[Question]: Am I using minference correctly? #83

YLGH · 2024-10-30T20:32:48Z

Describe the issue

Hi,

I followed the instructions for running minference on HF and ran an example where I give it the full text of Dante's inferno - in Italian. As well as the book of the harry potter series, and then ask it a few questions. I'm testing this on the llama 3p1 8b instruct model, but with the config modified so the sequence length is 262k.

https://gist.github.com/YLGH/2b70d6ed10a6b5ea97404cb2668e24f3

The output when using minference attention seems to be completely off.

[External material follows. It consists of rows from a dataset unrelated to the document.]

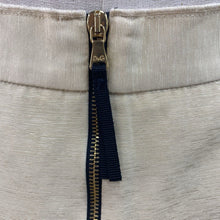 Load image into Gallery viewer, D&amp;G Vintage skirt 40
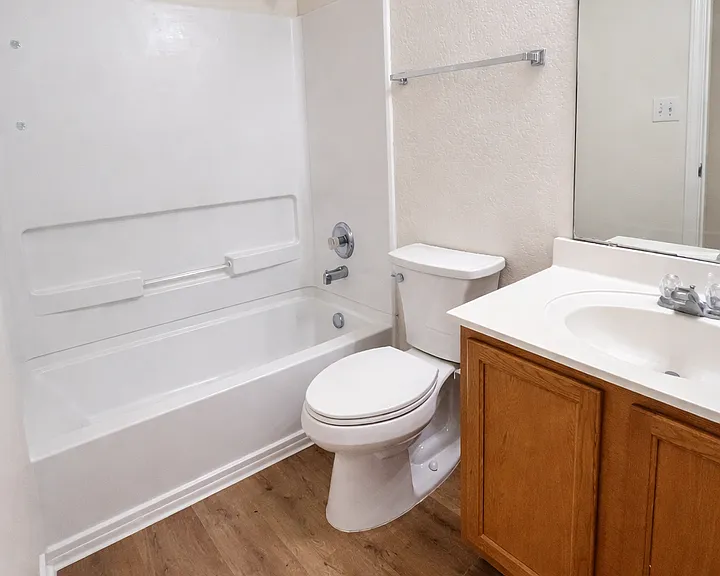 10354 Oakwood Crst — Photo 14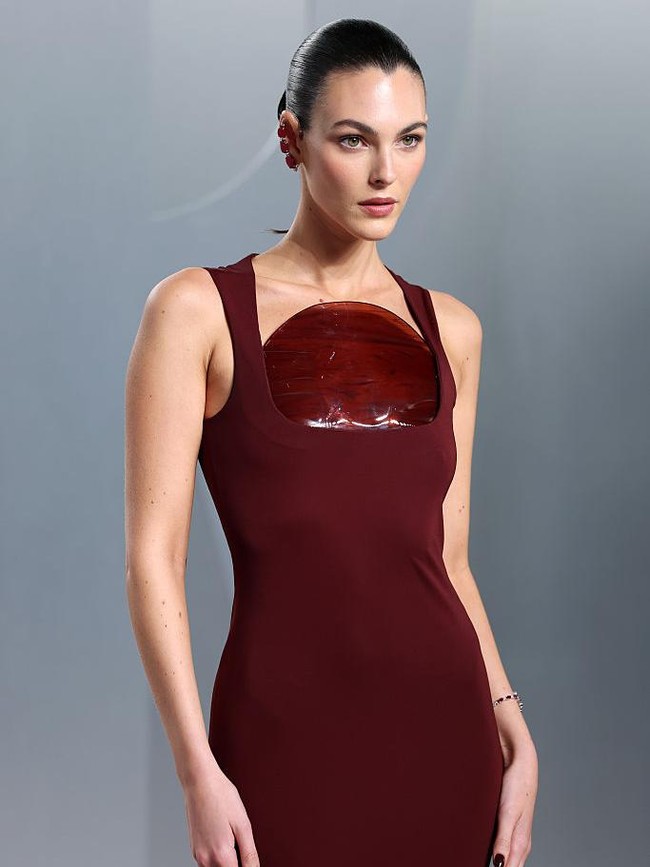 Pesona Vittoria Ceretti, Pacar yang Dibawa Leonardo DiCaprio ke Oscars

It doesn't acknowledge the existence of Dante's inferno at all, and says that I gave it books 1 and 2 of harry potter.

I also ran the same prompt through full dense attention, and it's able to distinguish the two.

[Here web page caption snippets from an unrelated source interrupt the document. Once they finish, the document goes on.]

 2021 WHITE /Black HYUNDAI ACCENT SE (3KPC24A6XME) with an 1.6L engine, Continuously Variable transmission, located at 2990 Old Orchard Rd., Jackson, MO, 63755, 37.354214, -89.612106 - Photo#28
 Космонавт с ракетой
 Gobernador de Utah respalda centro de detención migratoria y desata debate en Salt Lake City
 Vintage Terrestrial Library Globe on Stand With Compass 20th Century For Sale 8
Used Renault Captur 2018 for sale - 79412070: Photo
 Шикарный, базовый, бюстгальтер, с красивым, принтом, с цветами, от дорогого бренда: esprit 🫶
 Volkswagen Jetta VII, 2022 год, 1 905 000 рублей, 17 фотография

Am I using the HF example correctly?

Thanks!

YLGH · 2024-11-11T17:39:24Z

Hi, bump on this -

Also curious if it's related to some observations that some attention heads are fully dense (like duo attention? Perhaps this is something that the benchmarks don't measure well?

iofu728 · 2024-11-12T07:37:17Z

Hi @YLGH, sorry, I haven't had a chance to check the previous issues yet, but I can provide a quick answer to your question.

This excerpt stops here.